Day 28: 90 Day Writing Challenge

by E.V. Jacob on November 14, 2013

This post is less about the book and more about me.

(Although I will say, I didn’t actually do much for the book today.  And you know what? I’m OK with that.)

So today was not unique in many ways: I was busy, I was tired, I didn’t accomplish as much as I’d hoped to.

But it was unique in one way: It made me challenge myself.

See, this afternoon, I had to make myself a cup of coffee to get through the rest of the day. I was too busy to take a nap, and too tired to keep going.

And this isn’t the first time I’ve ever had to do so, but it’s only about the third or fourth time I’ve ever done it.

It’s just that those previous three times all happened in the last couple months.

I don’t like that.

I know it’s perfectly normal in our society to drink at last one cup of coffee a day, but I’m not OK with needing something to get through the day. That sort of thing just bugs me.

You may not know this, but I’m kind of a health nut/hippie. I try not to get too annoying with it, but I really am.

So needing something, anything, to make it through the day…it just ruins me the wrong way.

But it’s not just that. For months, I have been tired. If you follow me on Twitter, you know a couple things about me:

1. I’m a major geek. (Major Geek *salutes*)
2. I write. A lot.
3. I don’t sleep much.

That last one is starting to cause some problems, and today was kind of a wake-up call about how my energy levels are dropping.

So, why all the rambling? Because I’ve decided something.

I’m going to sleep. Not just at a decent hour–early.

And not just tonight, but every night.

Because I am tired of being tired.

And if there’s one thing I know about the human body, it’s that it can only take so much.

I am fortunate enough to be healthy, and that is a blessing I don’t want to squander.
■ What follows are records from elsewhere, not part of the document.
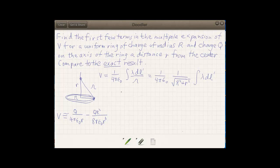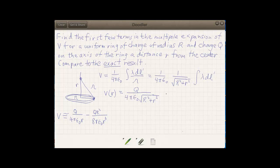The integral of λ dl′ integrates out to just give us the total charge Q on the ring. So the exact answer is nothing more than Q over 4πε₀ times √(R² + r²). We now have an expression for V as a function of r on the axis of the ring — this is exact — but we can't easily tell on simple inspection whether our approximate formula is a good approximation to it.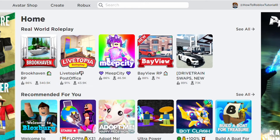Yo what's up guys and welcome back to my channel. Today I'll be showing you how to make a game pass on PC and on mobile. The timestamps will be linked below, so fast forward to the part you need. Let's get right into the video.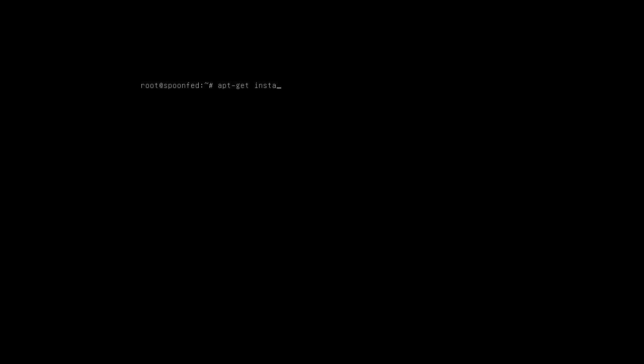Hey everybody, we are back again. This time we're actually ready to install the package that will get us a DNS server, that's bind9.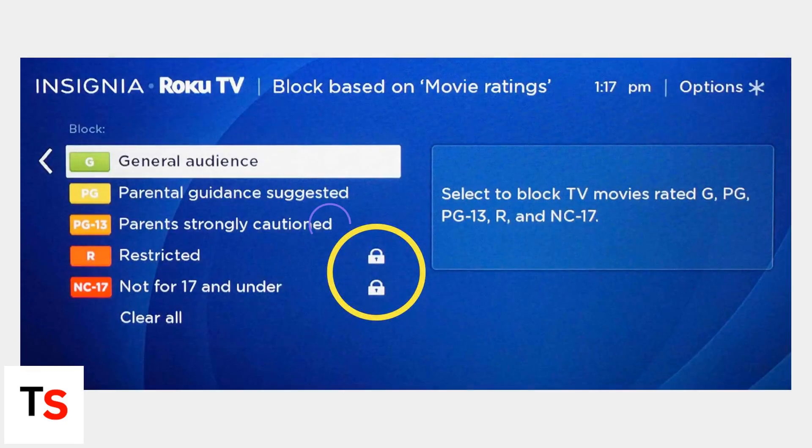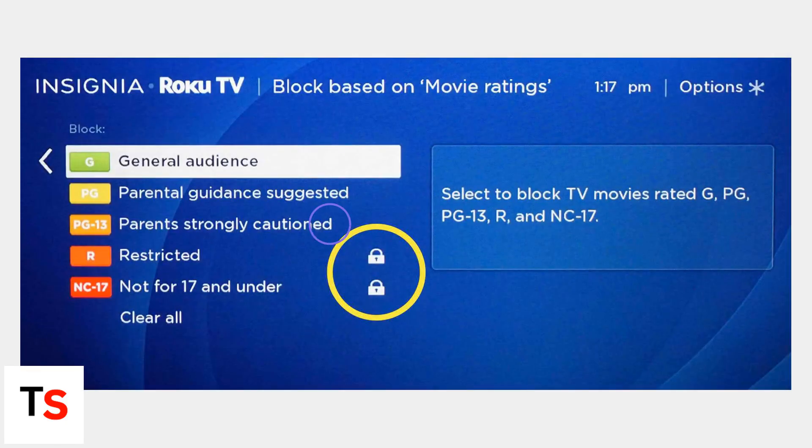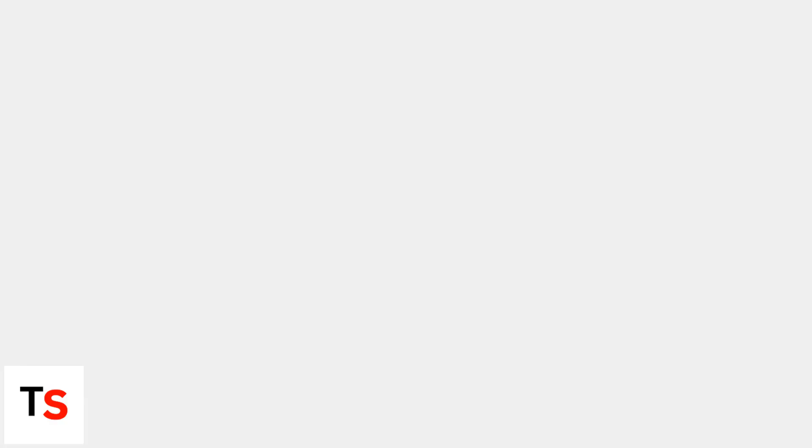To control viewing based on ratings, go to Ratings Blocking. Here, you can choose the maximum acceptable TV and movie rating, like TV-PG or PG-13. Roku will then automatically block content exceeding that threshold.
There’s no reason for me to MAKE myself sick by acting irresponsibly.

So my priority now is making sure I foster good habits, habits that will maintain the health I enjoy, rather that destroying it. I want to behave in a way that my future self will be grateful for, even if that means changing my goals. Even if that means not getting as much done in a day.

Even if that means not finishing my book on time.
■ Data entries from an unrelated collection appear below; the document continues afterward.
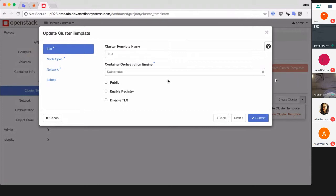On the first page you may specify the name and choose the orchestration engine - it's Kubernetes for now. You can make the template public in order to let other projects use it, or enable internal registry and disable TLS for some reason.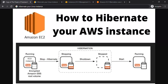Hi friends, welcome back to Thamakoda Channel. If we are aware of the instances of AWS, we will know how to do hibernation. We will also know how to hibernate and the limitations. We will know how to use your laptop as an analogy.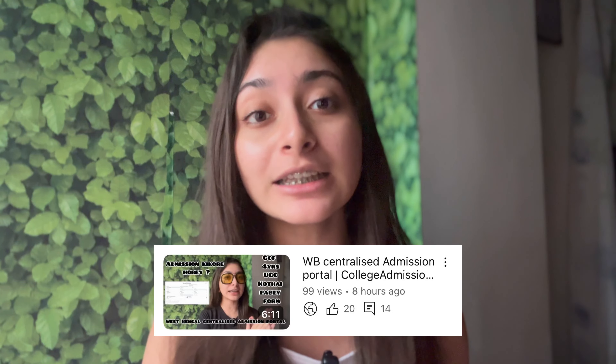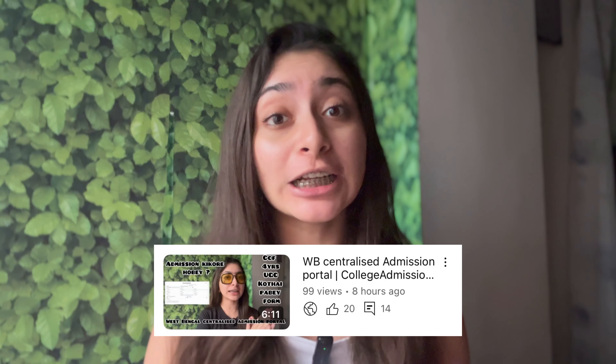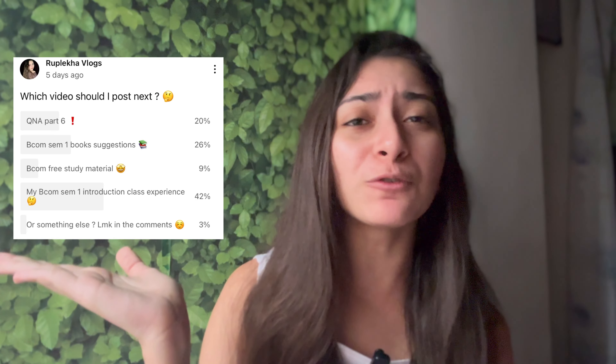I have told you many days that I will give you some suggestions. I have already posted information about what you have to do with your admission. If you haven't seen it, please check the previous video.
And so, while I’m going to do my best to keep up with the 90 Day Writing Challenge, I have to keep in mind that I am only human, so running my business, unpacking and settling into my new house, spending time with my family, and writing a book are a lot to ask of one person in one day…and sometimes, I’m just not going to be able to do it all.

This is one of those hard but necessary decisions, and I’m hoping that it’ll pay off in the end.

Wish me luck!

  • Steve A.

    Good luck!

    My own sleeping habits right now are a veritable Gordian knot of entangled chaos…

    • http://www.ravenhartpress.com/ Eve Jacob

      Haha thanks!

      I have been doing this for so long that I don’t even remember what proper sleeping feels like (actually, I may NEVER have slept properly…I have been a night owl since I was a bitty thing)! Sounds like we both need to do some work on that…haha.